Let’s make the pumpkin curry
Having picked a green pumpkin of about 3 to 4 pounds, I was home exited to make the curry. However, there was a one tough problem I had to deal with first. How do I get the whole pumpkin open? As you all know pumpkin skin is very tough and not easily to cut through. One way to get the skin soft enough to cut is to microwave the whole pumpkin for about a minute. If somehow it does not work or like in my case pumpkin was too big to go inside microwave, you could use a heavy kitchen knife to slowly and carefully get the skin punctured on one side and start cutting. Use a kitchen towel or a bamboo chopping board to prevent slipping. Start near the stem on one side and punch the knife through until you hit the seeds and push the knife down to make a cut on the side all the way through. Pull the knife out and turn the pumpkin around to make a similar cut on the opposite side until pumpkin separates in to two pieces. Scoop the seeds out and cut in to 2-inch cubes. Remove the tough outer skin. You could leave the skin out if you get an organic pumpkin with a skin without blemishes for added nutrient benefits.
How to cut a pumpkin
Pumpkin Curry Recipe
Serving Size: Half a cup of curry over rice or 2 cups as a soup
Cook time: 25 Minutes
- One green pumpkin
- Two cloves of garlic
- One-inch-long stick of cinnamon
- Two green chilies
- One teaspoon fresh ground mustard seed
- One inch size piece of ginger
- Teaspoon of freshly ground black paper
- Handful of curry leaves
- One medium red onion
- Two pandan leaves
- Two tablespoons desiccated coconut
- One tablespoon raw white rice
- One teaspoon of turmeric powder
- One teaspoon of coriander powder
- Two teaspoons of salt
- Half a teaspoon of nutmeg
- One teaspoon of fenugreek seeds
- Two cardamom pods
Wash the pumpkin and cut it into 2-inch cubes. Remove the outer tough skin with a chef s knife.

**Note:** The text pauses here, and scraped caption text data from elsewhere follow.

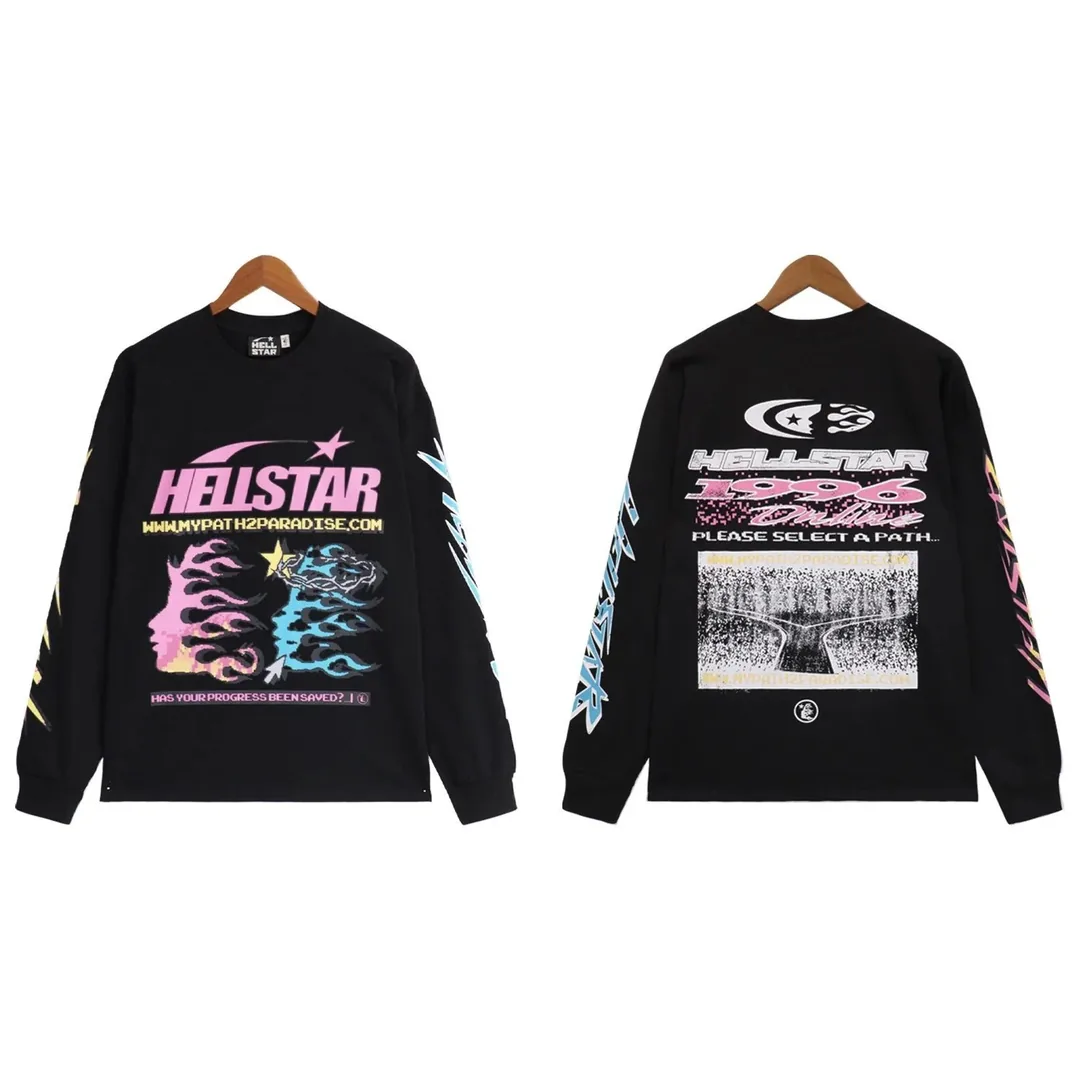 Crewneck Sweatshirt — Photo 4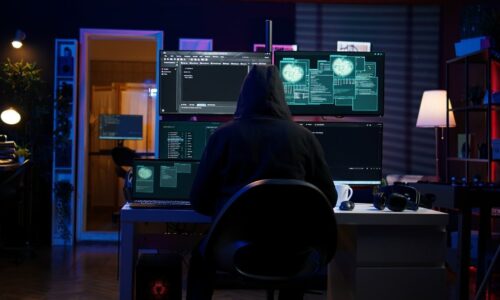 Criminosos criam sites falsos da Apple para desbloquear iPhones roubados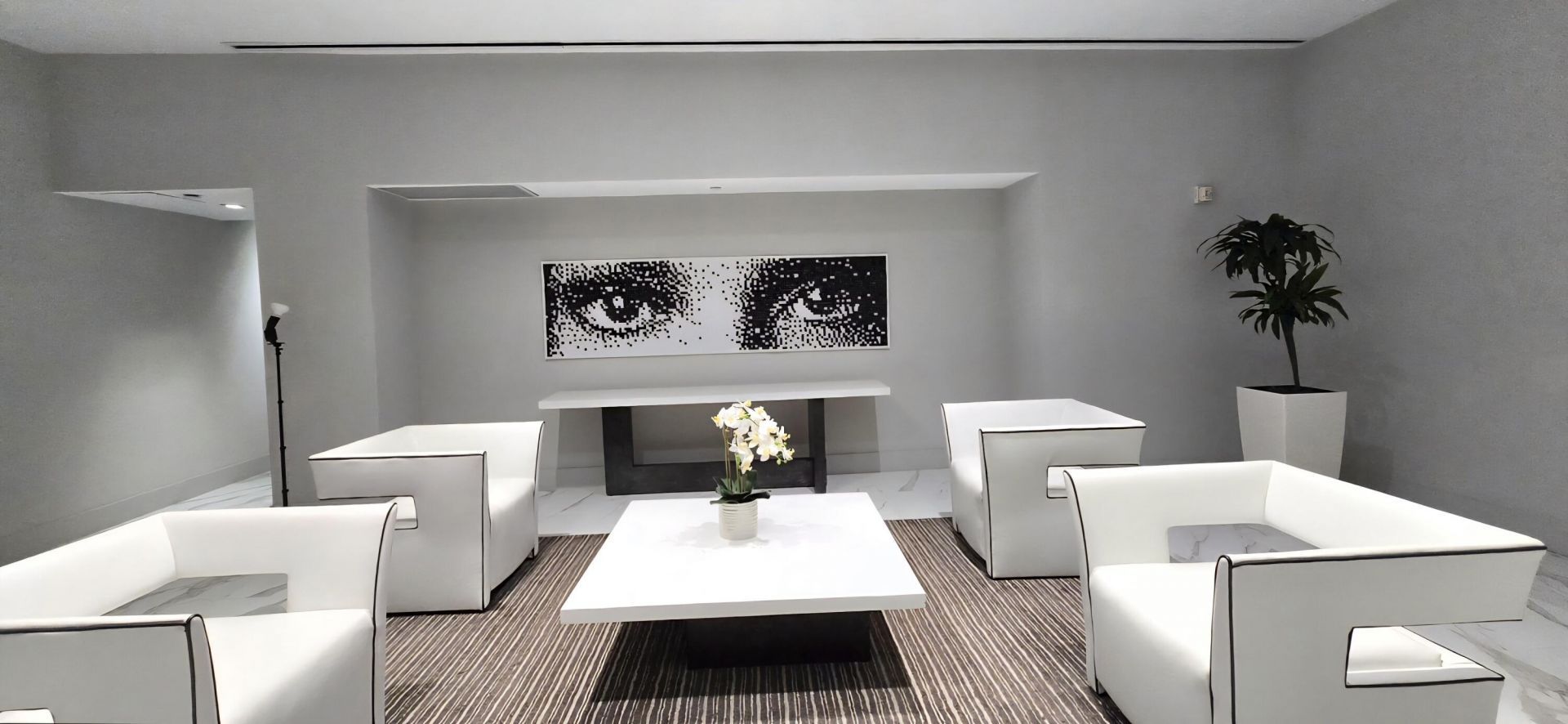 3535 S Ocean Drive, Unit 506, Hollywood, FL 33019 Photo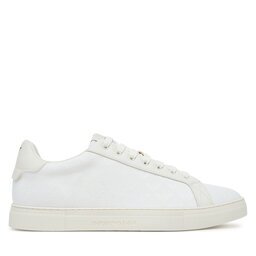 Emporio Armani Сникърси EM003843 AF20003 M0107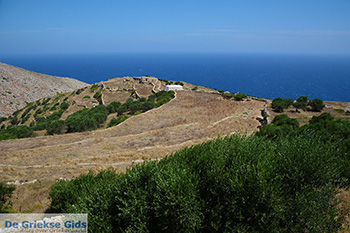 Eiland Folegandros - Cycladen - Foto 108 - Foto van https://www.grieksegids.nl/fotos/folegandros/350/eiland-folegandros-108.jpg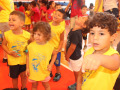 PHOTO-2026-08-26-14-35-49-13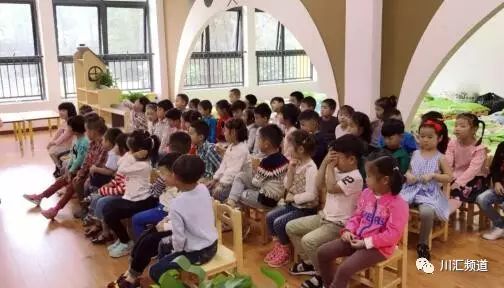 周口教育高质量,2020年周口教育工作重点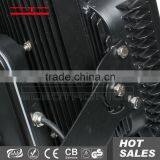 High Lumen Waterproof 240w Commercial Outdoor Flood Lights Led thumbnail-6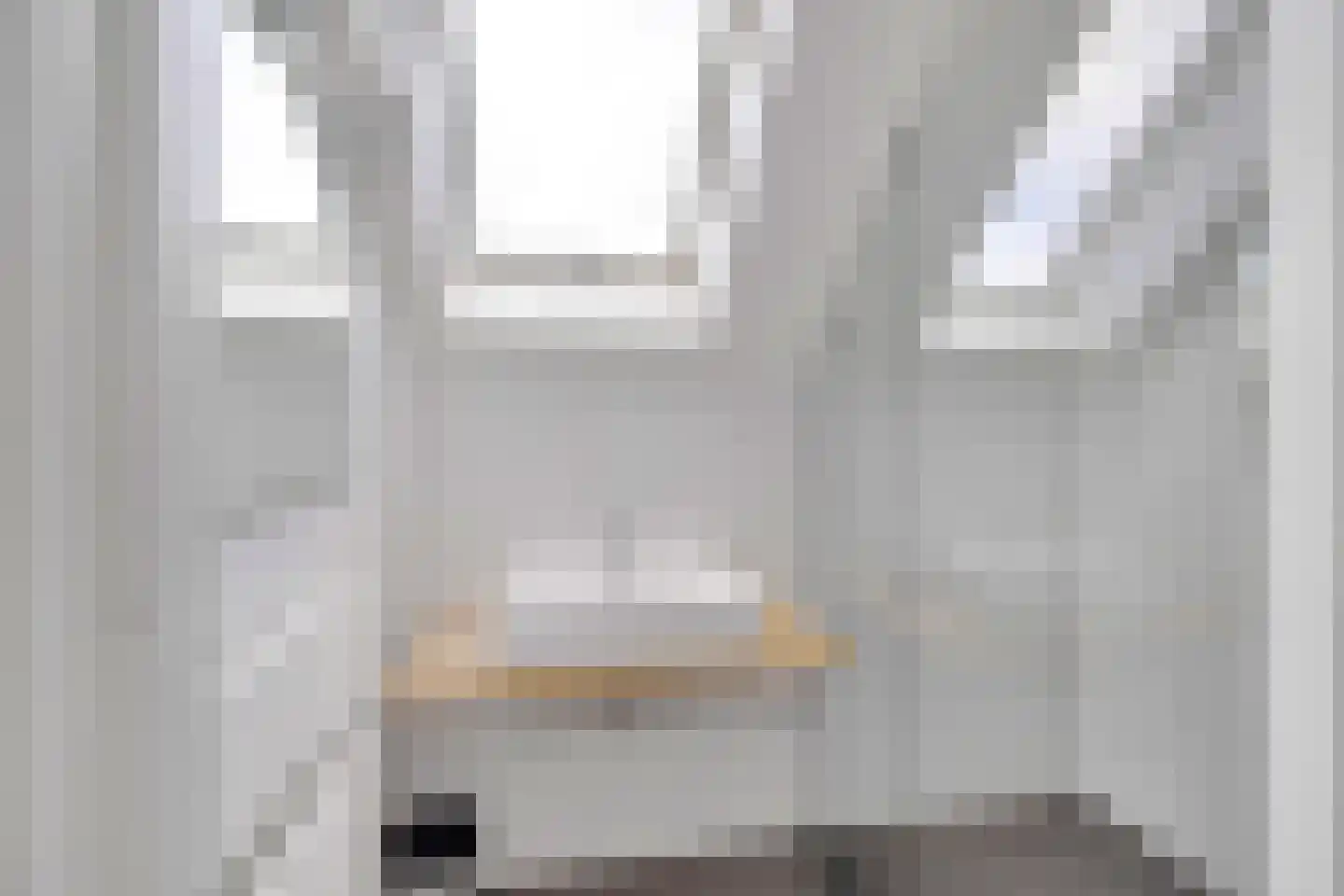 Ridderstee 124 Ouddorp thumbnail 29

Dry roast rice and desiccated coconut separately over medium low heat until just golden.
Grind mustard seeds with salt in a mortar and pestle.
Add ground mustard, roasted rice, desiccated coconut, turmeric, coriander powder in a grinder. Pulse few seconds to grind and add half a cup of water to make a smooth paste.
Slice the onion and green chili finely. Slice ginger and garlic finely.
Coat pumpkin pieces with the seasoning blend and add just enough water to cover pumpkins. Add onions, green chili, curry leaves, ginger, garlic, pandan leaves and fenugreek seeds. cook in a covered clay pot, in low heat until pumpkin pieces are done and soft for about twenty minutes. When pumpkins are soft had half a cup of coconut milk, cardamom pods, stick of cinnamon and nutmeg. Cover and simmer for another 10 minutes on low.
Finish with a sprinkle of black curry seasoning powder on top.
Serving suggestions with pumpkin curry
Pumpkin curry can replace red lentil curry or creamy jack fruit curry in any rice and curry meal. It is wholesome, filling, and full of packed nutrients. This kid friendly recipe is good source of vital dietary fiber and vitamin A included with benefits of spices like, turmeric, curry leaves, cinnamon, and ginger.